__What to produce__: Retype only the lines below from the one with "Women's Plus Size" to the one with "Holidays2Malaga Carrera Capuchinos", inclusive, skipping every image.

__Exercise materials__:
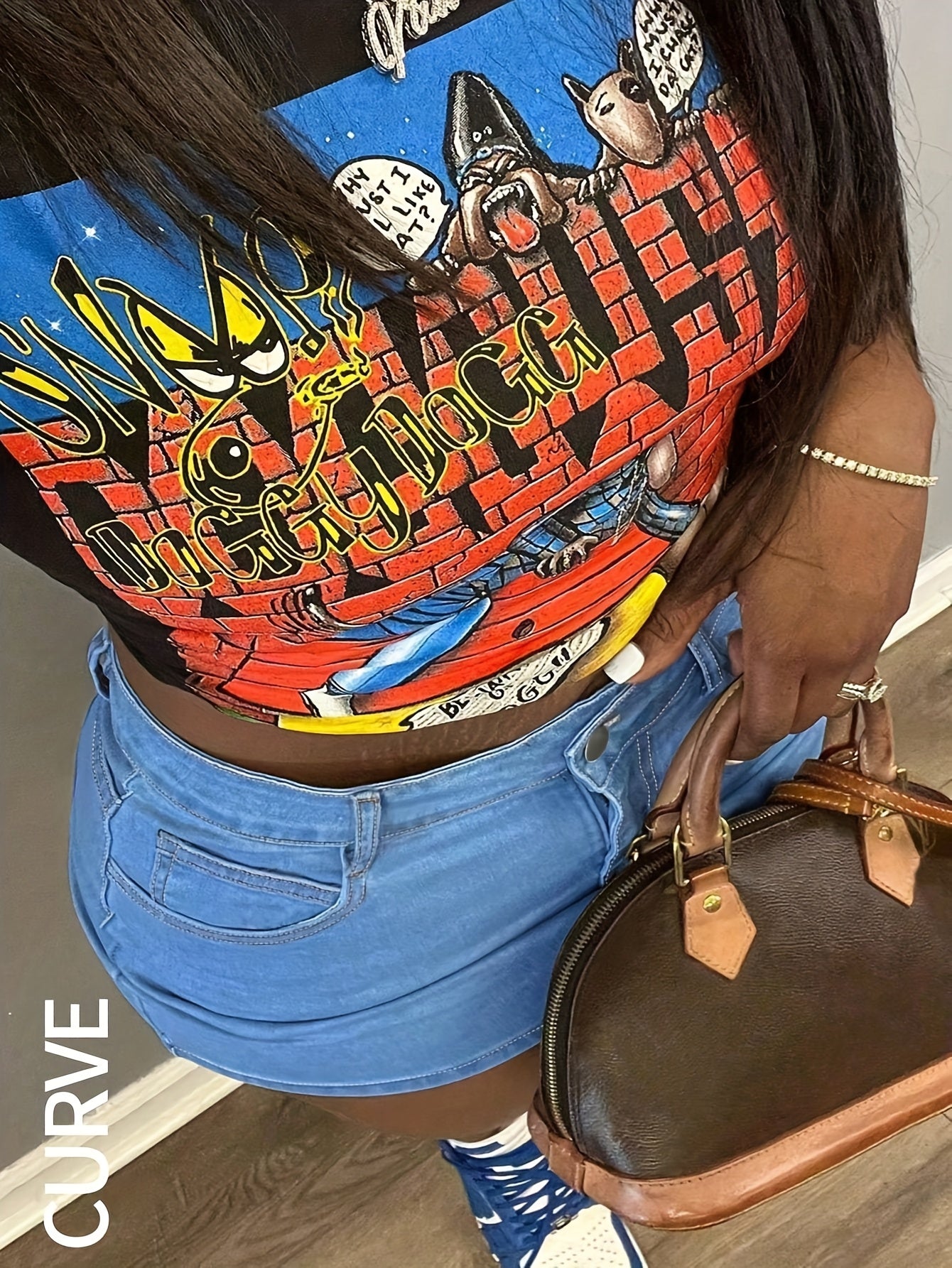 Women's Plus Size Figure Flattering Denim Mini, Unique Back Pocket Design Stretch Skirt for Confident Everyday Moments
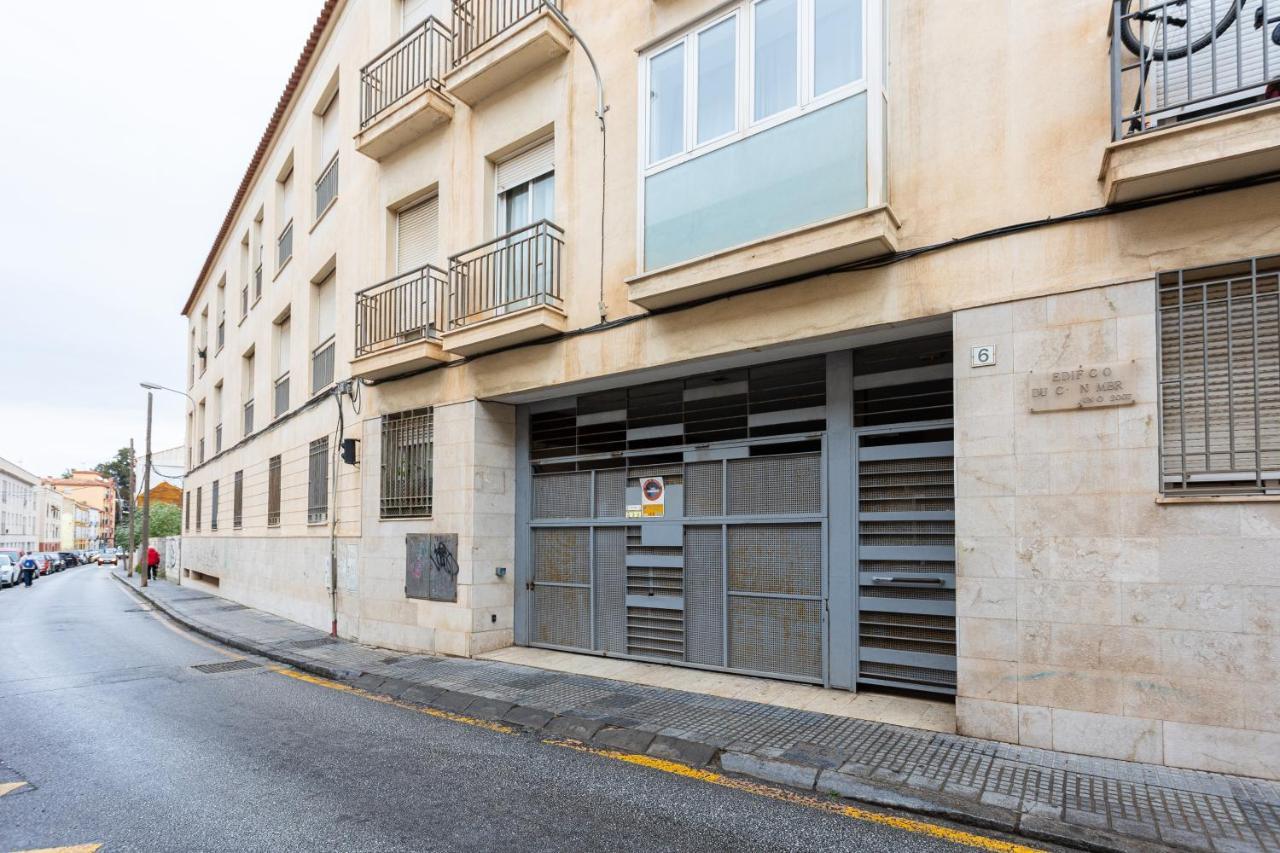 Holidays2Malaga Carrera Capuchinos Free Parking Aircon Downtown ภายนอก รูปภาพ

...

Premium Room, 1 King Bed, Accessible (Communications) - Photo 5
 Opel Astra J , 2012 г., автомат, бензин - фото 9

__Solved problem__:
 Women's Plus Size Figure Flattering Denim Mini, Unique Back Pocket Design Stretch Skirt for Confident Everyday Moments
 Holidays2Malaga Carrera Capuchinos Free Parking Aircon Downtown ภายนอก รูปภาพ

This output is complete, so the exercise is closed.